PROBLEM DETAILS> Print nothing but the lines from the start of the listing below through the line that contains "After a few". Do not include the pictures.

*** Opening of THE DATA ***

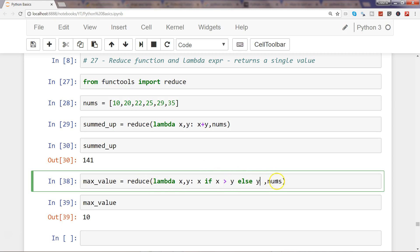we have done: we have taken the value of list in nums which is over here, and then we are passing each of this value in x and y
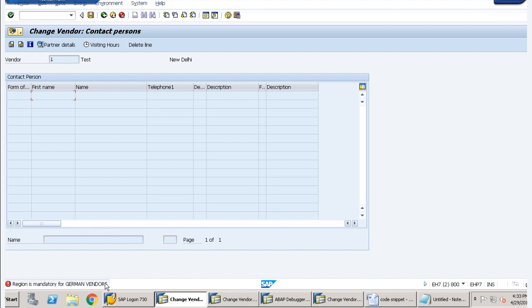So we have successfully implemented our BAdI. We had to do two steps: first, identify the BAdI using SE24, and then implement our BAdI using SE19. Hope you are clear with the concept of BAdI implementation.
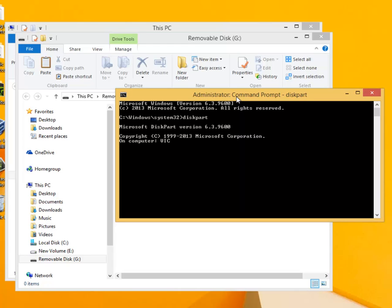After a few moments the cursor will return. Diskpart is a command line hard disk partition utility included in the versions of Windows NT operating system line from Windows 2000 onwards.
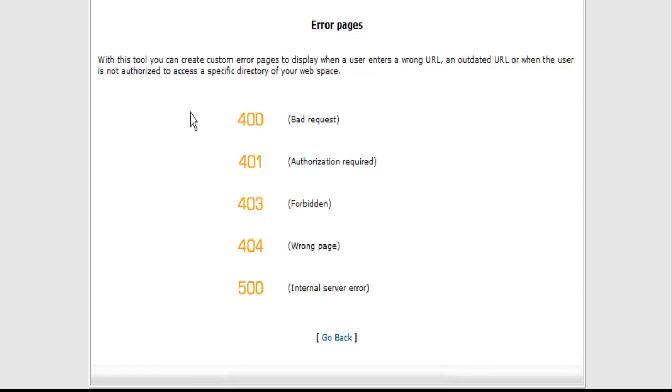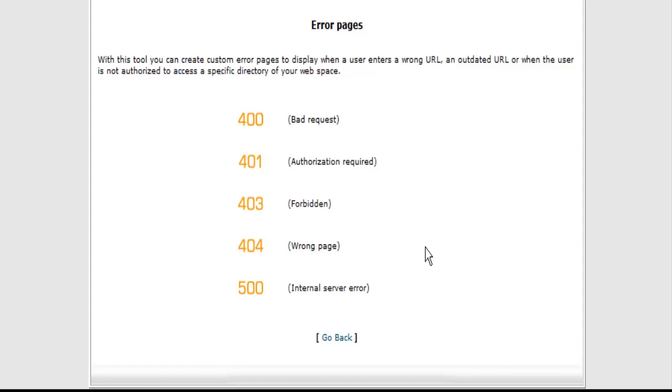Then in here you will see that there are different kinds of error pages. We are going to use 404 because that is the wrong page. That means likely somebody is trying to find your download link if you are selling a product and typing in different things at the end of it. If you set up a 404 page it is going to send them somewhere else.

*** Close of THE DATA ***

EXERCISE RESPONSE>
we have done: we have taken the value of list in nums which is over here, and then we are passing each of this value in x and y
So we have successfully implemented our BAdI. We had to do two steps: first, identify the BAdI using SE24, and then implement our BAdI using SE19. Hope you are clear with the concept of BAdI implementation.
After a few moments the cursor will return. Diskpart is a command line hard disk partition utility included in the versions of Windows NT operating system line from Windows 2000 onwards.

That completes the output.